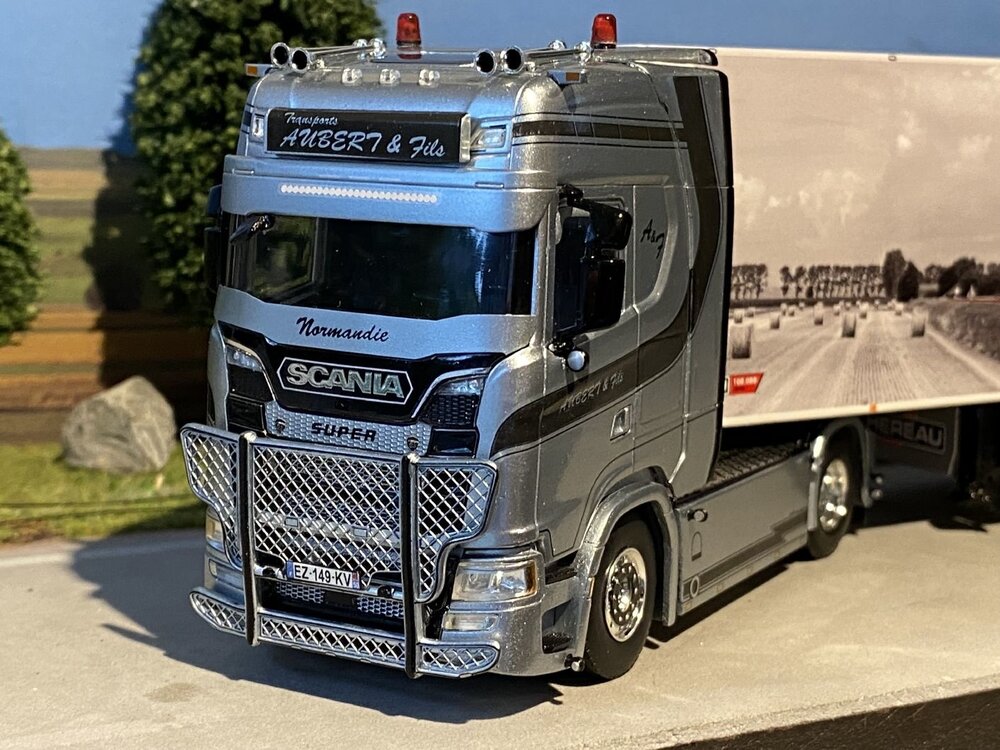 WSI WSI  Scania S Highline 4x2 met 3-as koeloplegger AUBERT & FILS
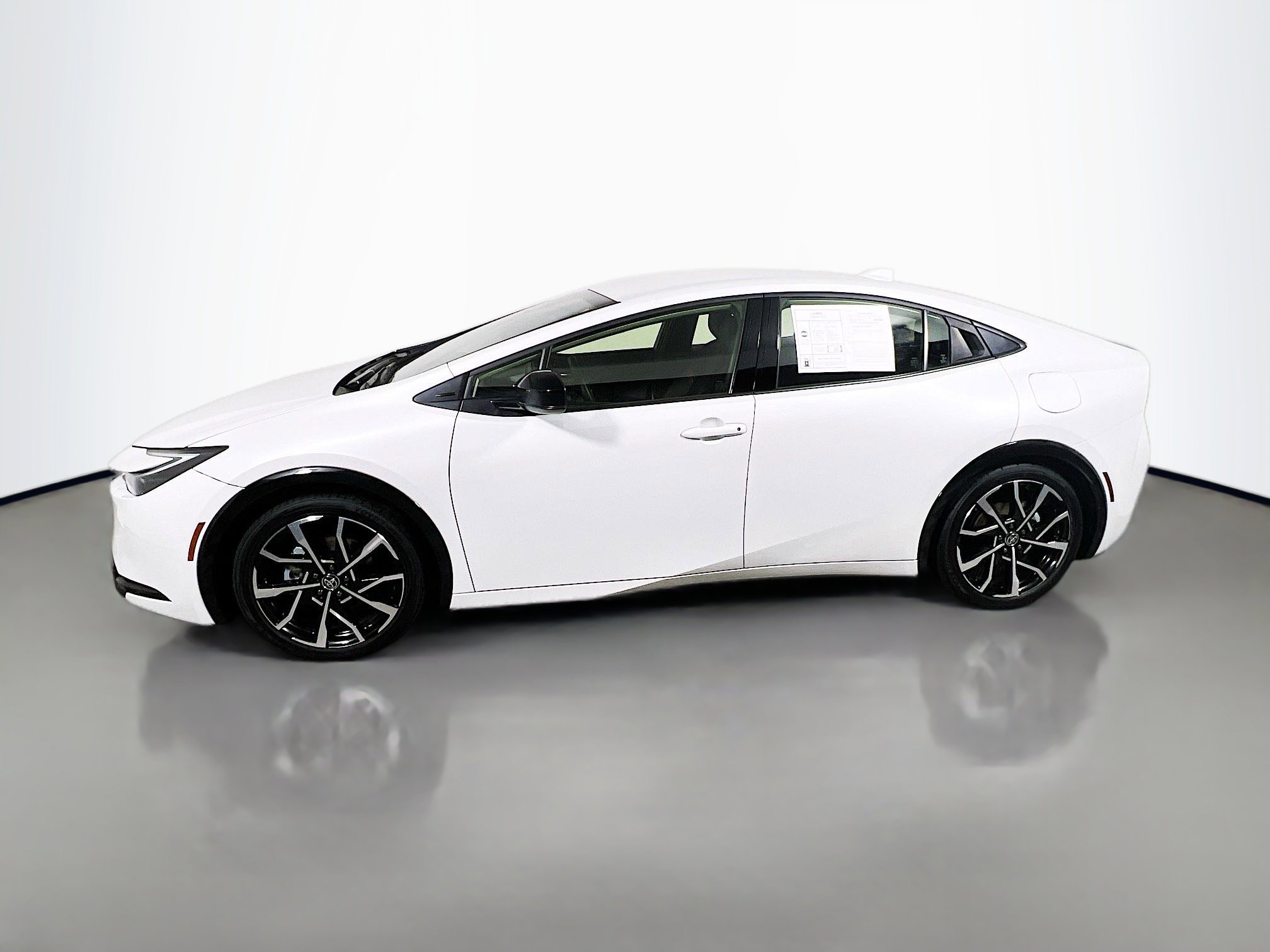 Used 2025 Toyota Prius Plug-In Hybrid FWD image 9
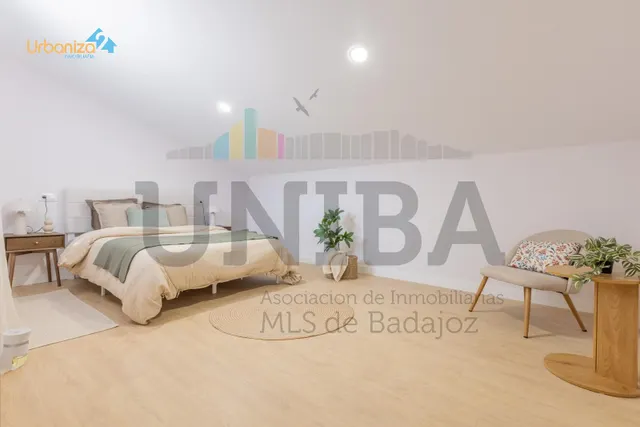 Piso totalmente reformado en el casco antiguo, junto a puerta palmas — 23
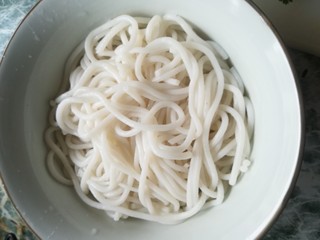 9、小锅米线,准备一碗米线待用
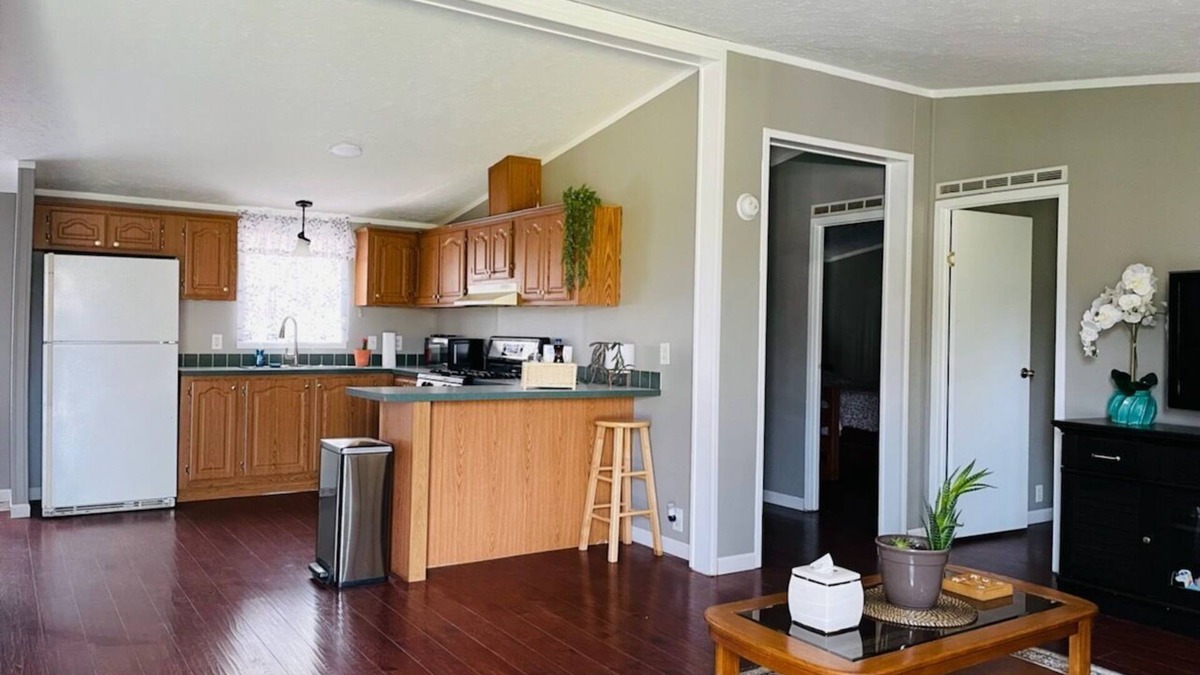 Northport House | Charming 3 Bedroom in the heart of Leelanau County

▸ WHAT IS BEING ASKED
Only what runs from the line with "9、小锅米线,准备一碗米线待用" through the last line of the listing above belongs in the answer, set down exactly and free of pictures.

▸ ANSWER
 9、小锅米线,准备一碗米线待用
 Northport House | Charming 3 Bedroom in the heart of Leelanau County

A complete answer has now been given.